Anew programme in Delhi government schools will try to increase student leadership and ownership of their schools by setting up elected ‘Student Advisory Boards’.

This project will first be introduced in 20 schools on a pilot basis, and the boards will comprise two children from each section of grades 7, 8, 9 and 11 who will be selected through intra-section elections.

According to a note prepared by the Directorate of Education on this initiative, “It is envisioned that the Student Advisory Board will assist in augmenting and maximizing student participation in various leadership roles at the school level. The SAB will act as a voice of the students. SAB will contribute towards developing a sense of ownership in students, by designing, managing and executing various school activities.

Schools have been issued strict instructions that these boards should be equally split in terms of gender in co-ed schools.

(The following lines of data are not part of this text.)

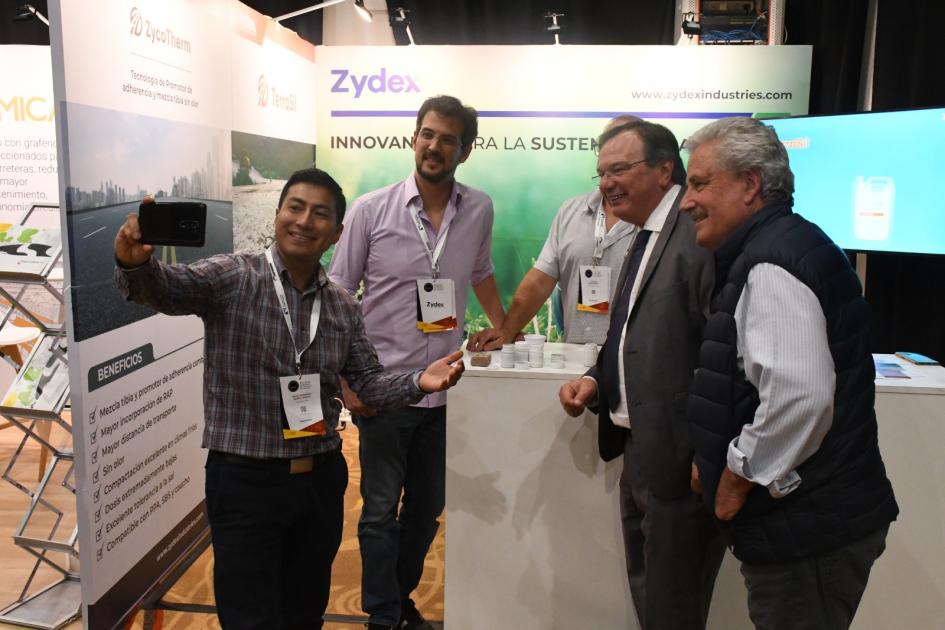 XXI Congreso Ibero Latinoamericano del Asfalto El Ministro visita stands de empresas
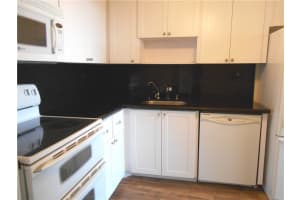 2781 Taft St 405, Hollywood, FL 33020 Sold 11/16/23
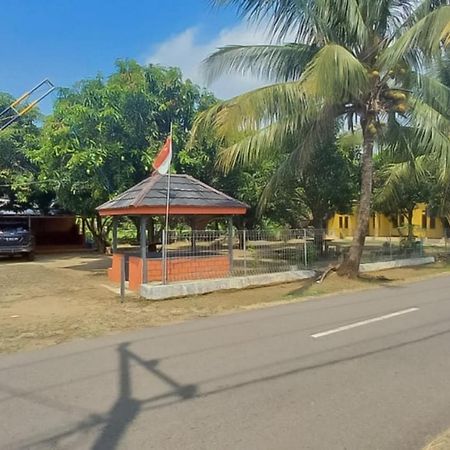 Отель Aa Bungsu Syariah Balekambang Ciletuh Sukabumi Redpartner Cilowa Экстерьер фото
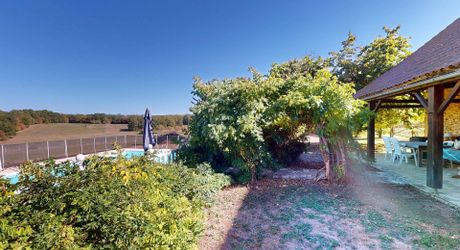 Dans un cadre exceptionel , propriété de caractère composée d'une maison prinicpale de 344 m² habitables, un gîte, des dépendances, d'une piscine et 4 ha de terrain.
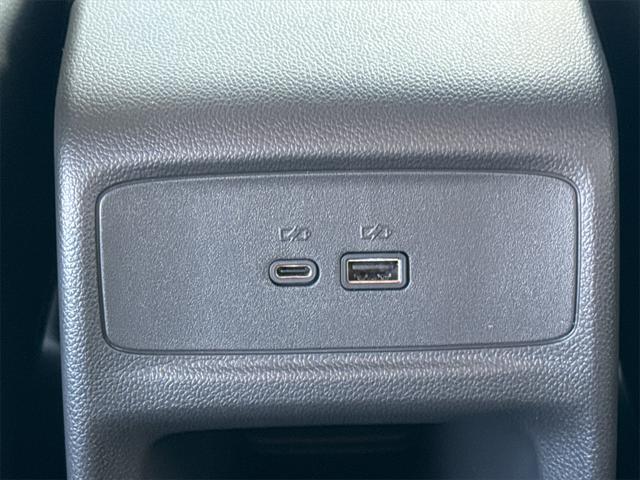 Photo of 2025 Summit White Buick Envista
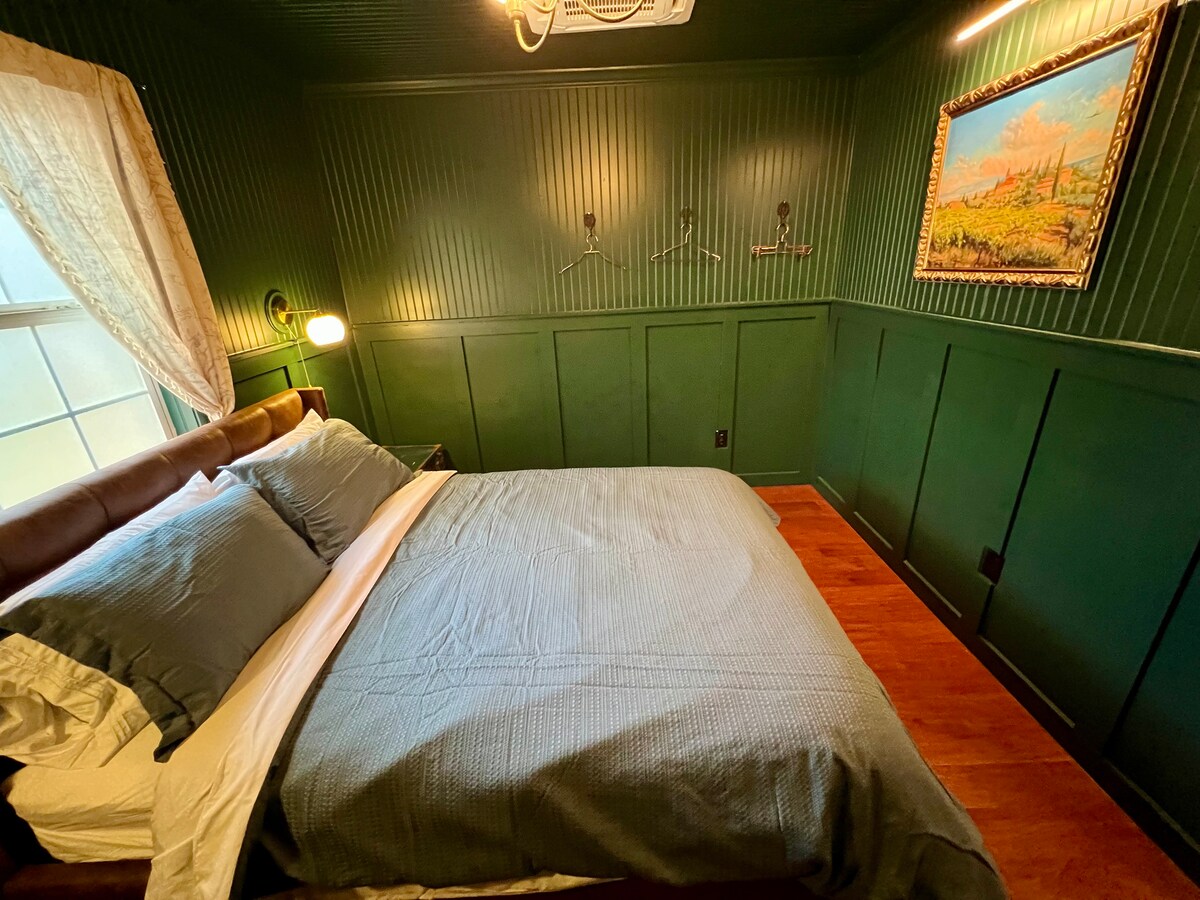 The Pilot House: and the Secret Room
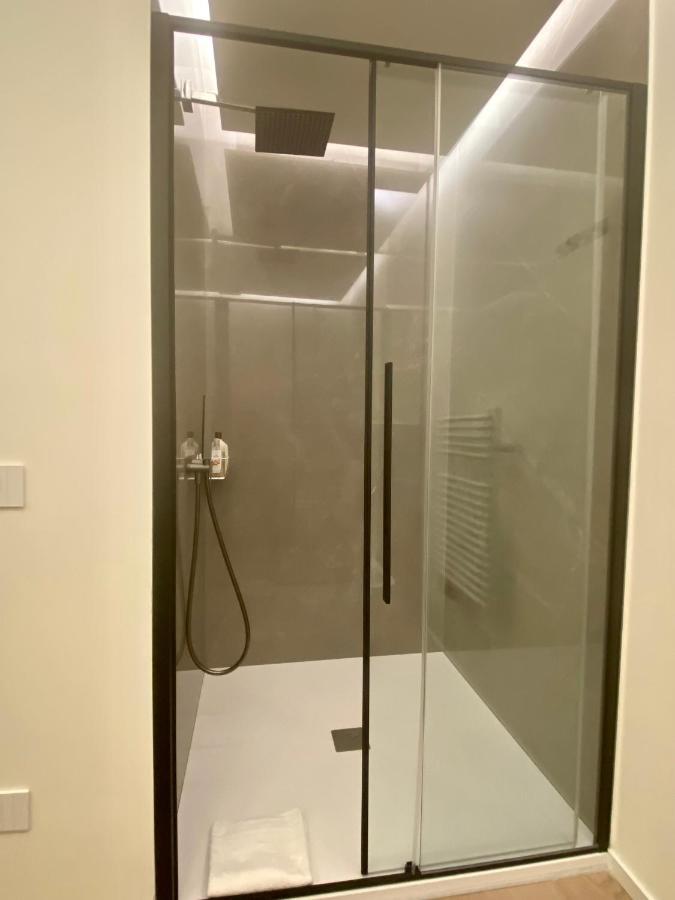 Torino 64 - Duomo City Center Luxury Apartment Perfect X2! Милан Экстерьер фото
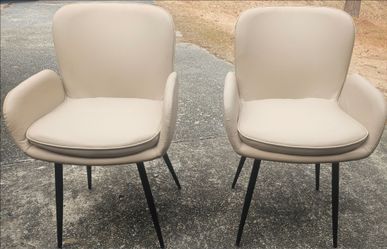 2x Dining Chairs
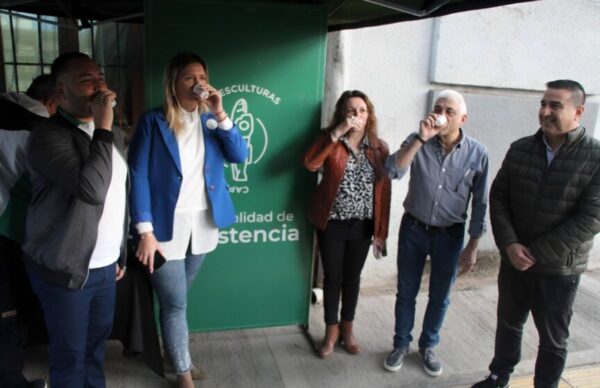 El Municipio instaló un stand para compartir un vasito de caña con ruda 1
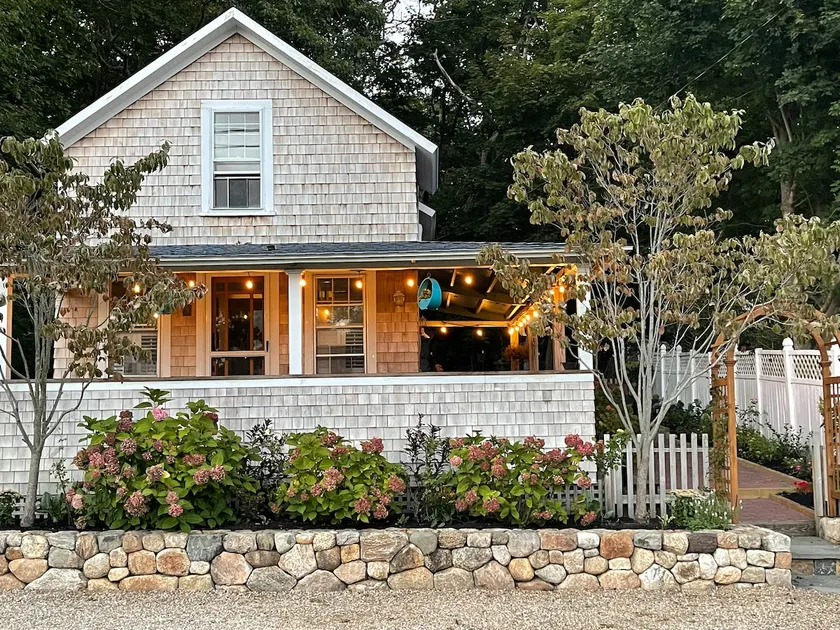 In town Cozy-Cottage-Glam w/ Fab backyard 2bd/2B - Image 1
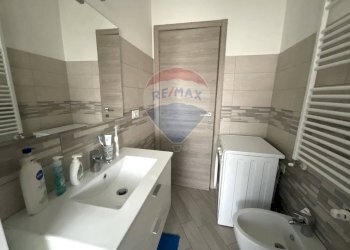 Bagno - Bilocale Via Cinque Maggio
 
23/27, Milano - foto 17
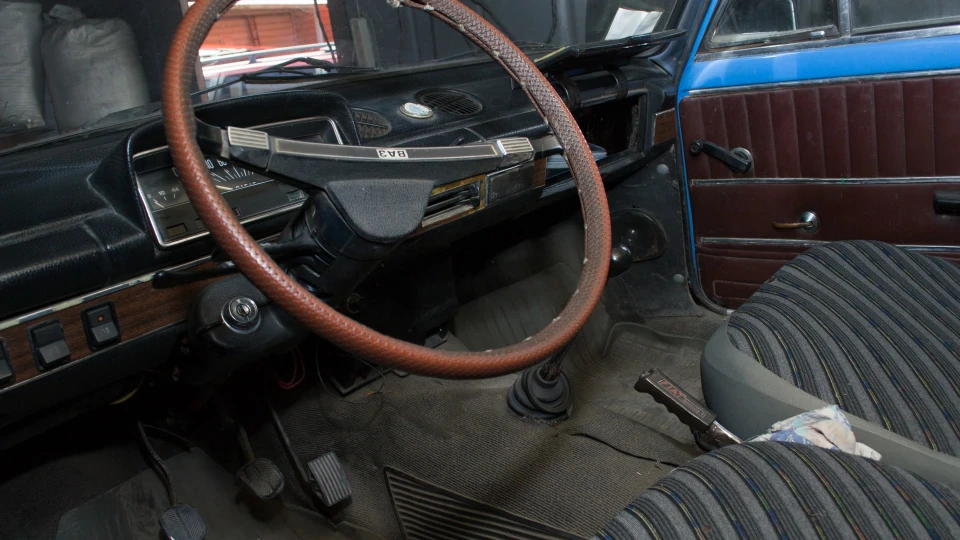 Lada 2102 4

Before the elections, students will also be told about “values and actions to look for” while choosing board members such as “always helps his/her classmates”, “actions never cause physical, emotional or mental harm to self or others”.

Once the boards have been elected, schools have been encouraged to set up different sub-committees such as a co-curricular sub-committee, sports affair sub-committee, culture & assembly sub-committee, and student discipline sub-committee to look at discipline-related issues and organise events such as a theatre festival, musical day and awareness campaigns.

The DoE will even be conducting training sessions for the School Advisory Board members with the stated goals of ‘vision of excellence’, ‘a sense of responsibility’, ‘vision setting’, ‘goal setting’ and ‘execution’, and will be conducting “exposure visits” to other schools with such boards.

Before this, the Directorate has introduced various measures to increase parent participation in school governance by making School Management Committees active and bringing on board parents as school mitras.